### Exercise
Output exactly the lines that run from the line with "Galatasaray Istanbul wurde" to the end of the material, both ends included, and no other lines.

### The data

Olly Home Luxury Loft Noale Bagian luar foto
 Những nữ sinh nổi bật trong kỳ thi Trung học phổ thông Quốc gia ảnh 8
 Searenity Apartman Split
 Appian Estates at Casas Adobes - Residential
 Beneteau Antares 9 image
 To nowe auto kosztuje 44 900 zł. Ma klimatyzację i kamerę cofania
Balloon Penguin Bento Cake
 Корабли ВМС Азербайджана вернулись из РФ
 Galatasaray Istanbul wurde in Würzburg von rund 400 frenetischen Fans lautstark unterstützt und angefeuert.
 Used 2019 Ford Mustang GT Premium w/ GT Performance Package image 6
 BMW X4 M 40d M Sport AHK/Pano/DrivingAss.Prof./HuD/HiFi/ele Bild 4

### Answer
 Galatasaray Istanbul wurde in Würzburg von rund 400 frenetischen Fans lautstark unterstützt und angefeuert.
 Used 2019 Ford Mustang GT Premium w/ GT Performance Package image 6
 BMW X4 M 40d M Sport AHK/Pano/DrivingAss.Prof./HuD/HiFi/ele Bild 4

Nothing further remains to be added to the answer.